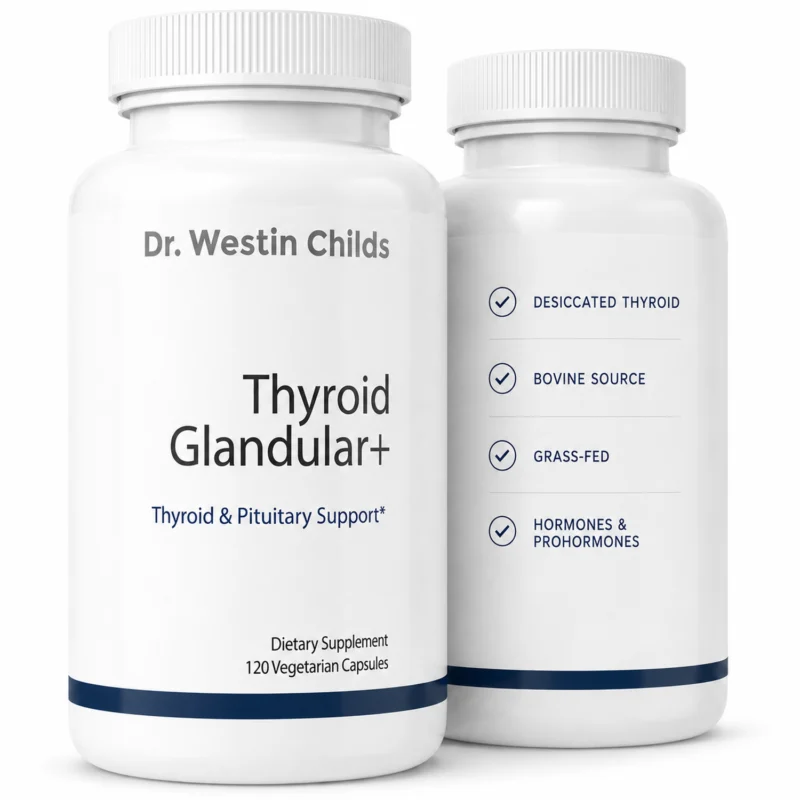 image of thyroid glandular support supplement for hypothyroid and hashimotos bottle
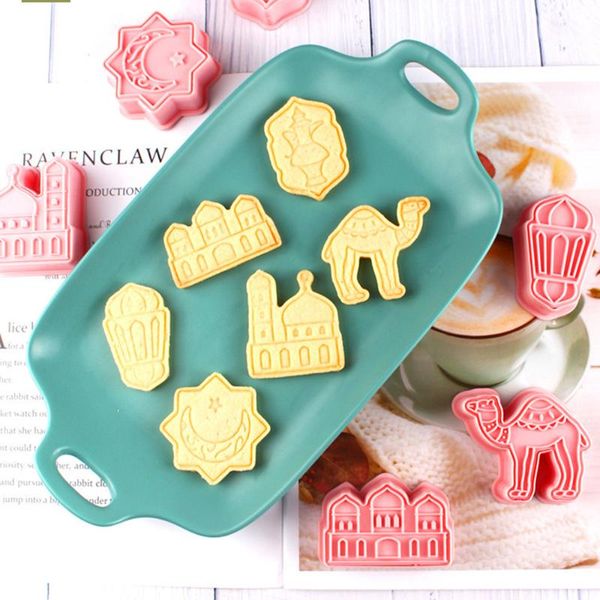 

baking moulds 6pcs 3d biscuit stamp cookie mold set muslim middle eastern style presses kitchen pastry bakeware dough tool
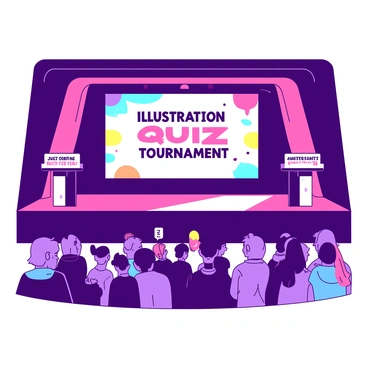 A large stage is set for an illustration quiz tournament. The stage features two podiums, one on the left and one on the right, both adorned with "Quiz Master" and "Contestant" signs in bold lettering. In the center, there is a large screen displaying the title "Illustration Quiz Tournament" with vibrant graphics. Colorful lights illuminate the stage, creating an energetic atmosphere. The audience can be seen in the background, eagerly waiting for the event to start, with various expressions of excitement and anticipation.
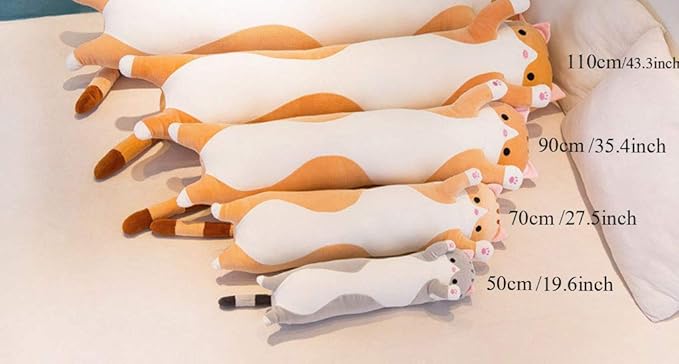 Cartoon Cat Soft Plush Long Throw Pillow Lifelike Animal Neck Pillow Plush Toy
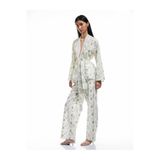 Koton Pamuklu Floral İşlemeli Fisto Kruvaze Oversize Kimono Ceket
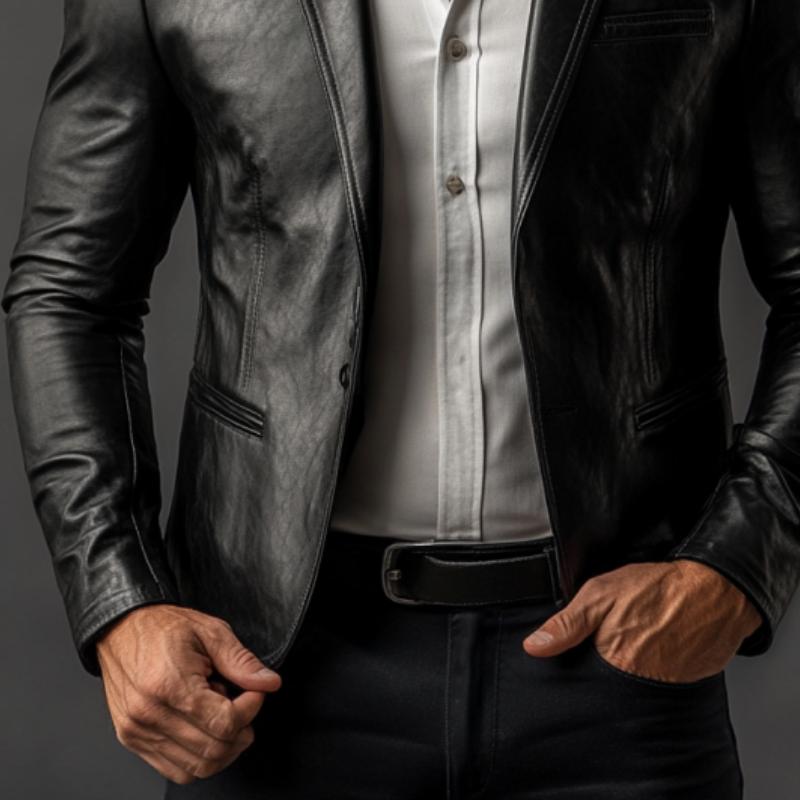 Men's Classic Vintage Slim Fit Leather Blazer 9274150748344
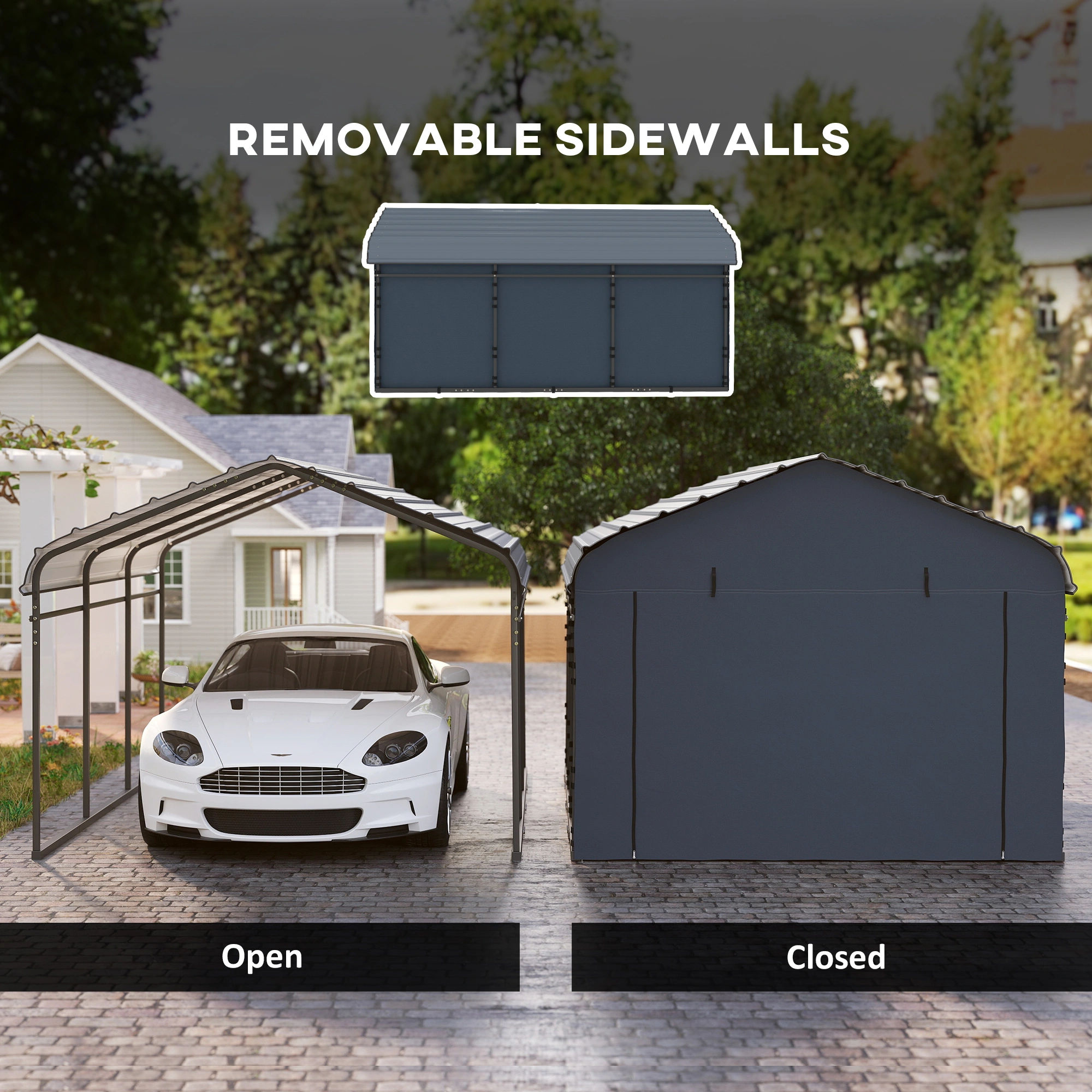 All-Weather Metal Carport Shelter - 2-Bay Vehicle Cover w/ Waterproof Roof, Easy Assembly, Garage Alternative view 2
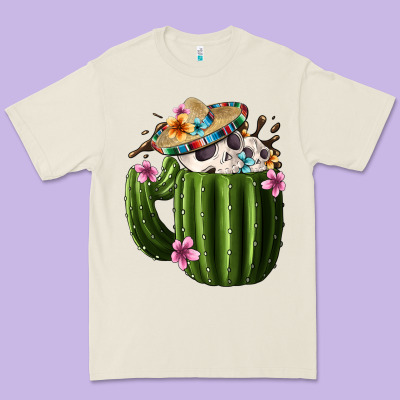 Day Of The Dead Mexican Cactus Premium Tee Designed By Fadigitalartstudio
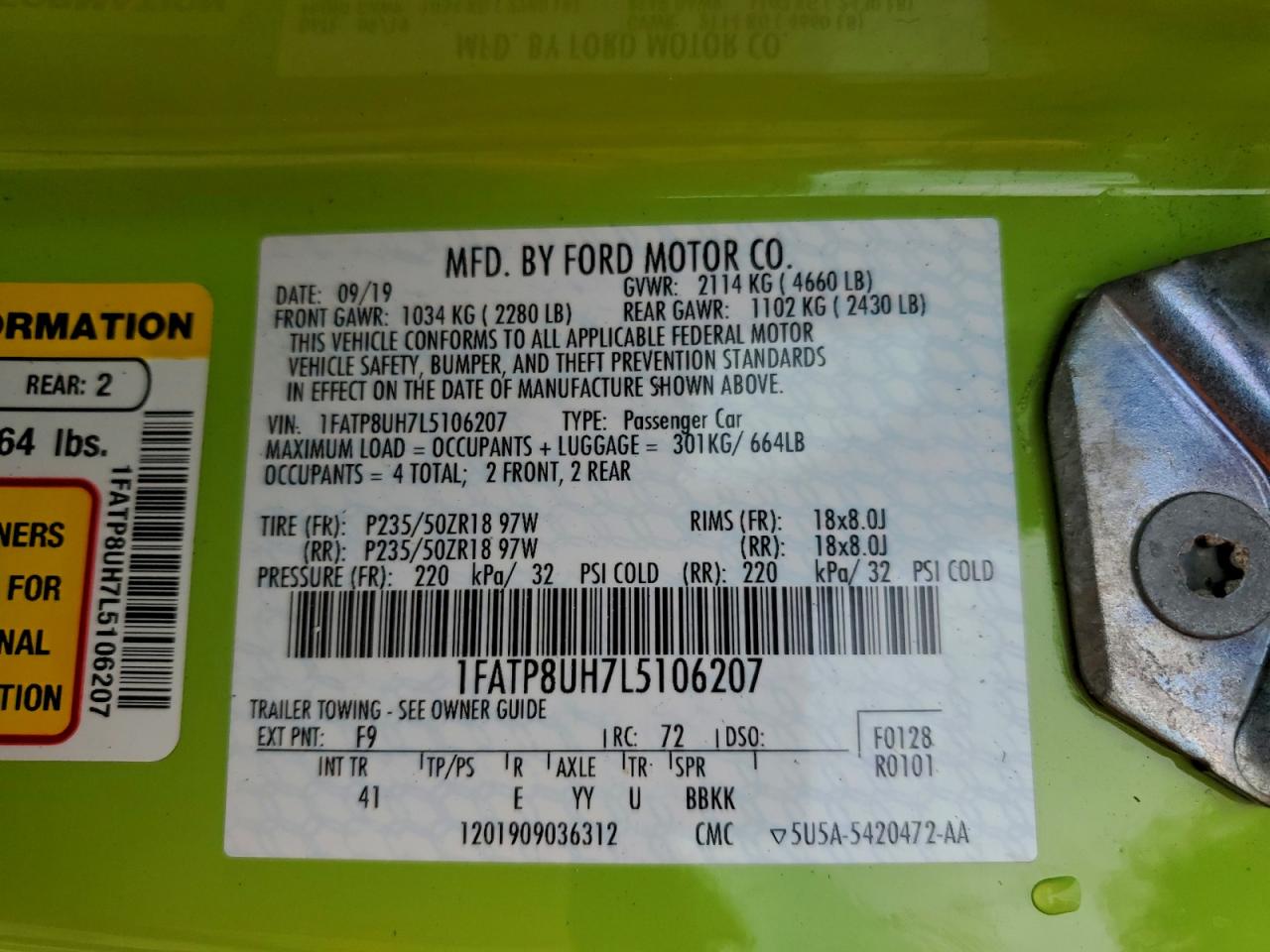 2020 Ford Mustang VIN: 1FATP8UH7L5106207 Lot: 94315165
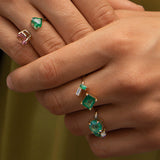 Artisia Blatt offen 18k goldener Ring w. Saphire & Diamond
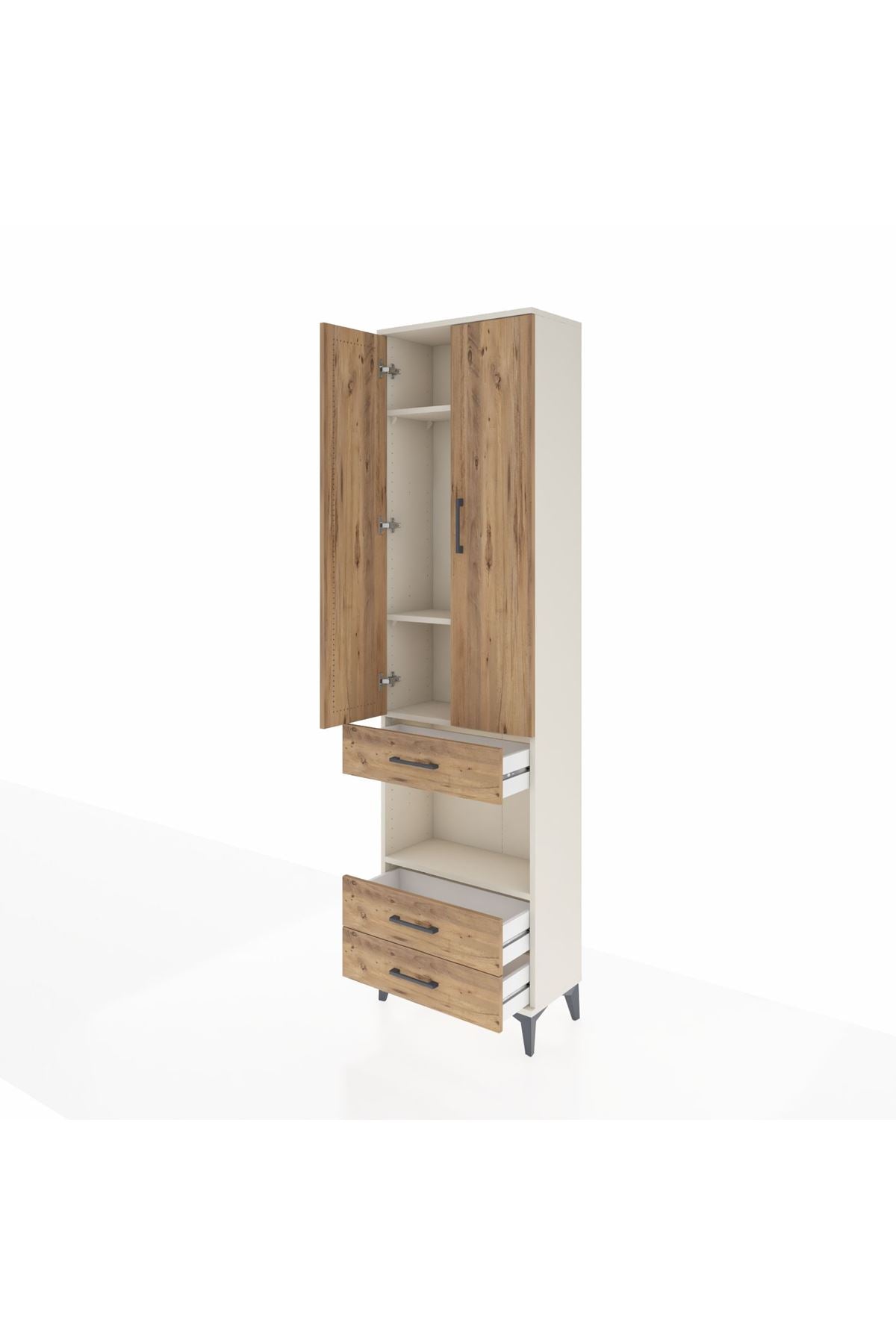 Arges Dolap 4 Raflı 3 Çekmeceli 2 Kapaklı 60x30x221 Aytaşı-Çam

+++++

• [Task requirements]:
Copy all of the material word for word, and include none of its pictures.

• [Task result]:
 image of thyroid glandular support supplement for hypothyroid and hashimotos bottle

baking moulds 6pcs 3d biscuit stamp cookie mold set muslim middle eastern style presses kitchen pastry bakeware dough tool
 A large stage is set for an illustration quiz tournament. The stage features two podiums, one on the left and one on the right, both adorned with "Quiz Master" and "Contestant" signs in bold lettering. In the center, there is a large screen displaying the title "Illustration Quiz Tournament" with vibrant graphics. Colorful lights illuminate the stage, creating an energetic atmosphere. The audience can be seen in the background, eagerly waiting for the event to start, with various expressions of excitement and anticipation.
 Cartoon Cat Soft Plush Long Throw Pillow Lifelike Animal Neck Pillow Plush Toy
 Koton Pamuklu Floral İşlemeli Fisto Kruvaze Oversize Kimono Ceket
 Men's Classic Vintage Slim Fit Leather Blazer 9274150748344
 All-Weather Metal Carport Shelter - 2-Bay Vehicle Cover w/ Waterproof Roof, Easy Assembly, Garage Alternative view 2
 Day Of The Dead Mexican Cactus Premium Tee Designed By Fadigitalartstudio
 2020 Ford Mustang VIN: 1FATP8UH7L5106207 Lot: 94315165
 Artisia Blatt offen 18k goldener Ring w. Saphire & Diamond
 Arges Dolap 4 Raflı 3 Çekmeceli 2 Kapaklı 60x30x221 Aytaşı-Çam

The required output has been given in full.